"Burning Walls" May Stop Black Hole Formation
KentuckyFC writes "Black holes are thought to form when a star greater than 4 times the mass of the Sun explodes in a supernova and then collapses. The force of this collapse is so great that no known force can stop it. In less massive stars, the collapse cannot overcome so-called neutron degeneracy, the force that stops neutrons from being squashed together. Now a Russian physicist says another effect may be involved. He points out that quantum chromodynamics predicts that when neutrons are squashed together, matter undergoes a phase transition into "subhadronic" matter. This is very different from ordinary matter. In subhadronic form, space is essentially empty. So the phase change creates a sudden reduction in pressure, forcing any ordinary matter in the star to implode into this new vacuum. The result is a massive increase in temperature of this matter that creates a "burning wall" within the supernova. And it is this burning wall that stops the formation of a black hole, not just the degeneracy pressure of neutrons. This should lead to much greater energies inside a supernova than had been thought possible until now. And that's important because it could explain the formation of high energy gamma ray bursts that have long puzzled astrophysicists."

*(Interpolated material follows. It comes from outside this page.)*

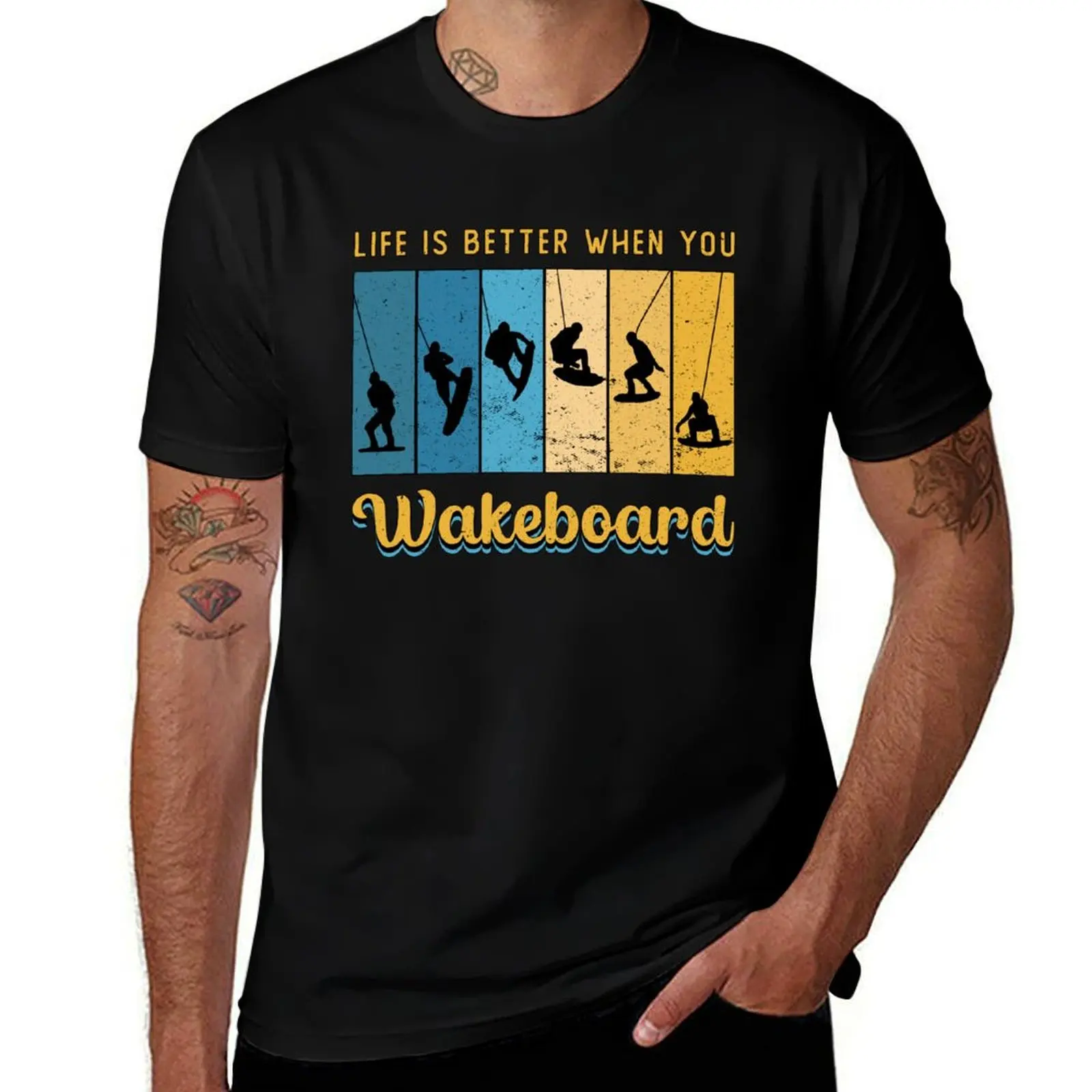 

Life Is Better When You Wakeboard Wakeboarding T-Shirt summer clothes boys whites blue archive t shirts men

I never like when scientists can't explain a major aspect of something like a black hole. They have models/predictions etc., but there are these little pieces that are missing.
Then someone comes along with an elegant solution that fits perfectly into the existing theory/model/design and suddenly all these unexplained pieces make perfect sense.
That is what science is about. Revelation based on fact, not faith. At the end of the day I think it's a lot more rewarding, although a lot harder to come by.
That's exactly what we will do. This hypothesis will be quantified into making predictions about what we will see from supernovae and gamma-ray bursts (and perhaps other events). We will then plan and conduct observations of these events and see if the predictions of this hypothesis are consistent with the new data. A lot of interesting ideas like this come out but then stall for a while as people try translate qualitative ideas into quantitative predictions. Once that happens we can go out and test them.
It does, however, require a bit more than being one that "sounds like something invented by a writer for a Japanese cartoon series."
That's where you set off a bunch of supernova with different intitial conditions and compare the results with theory?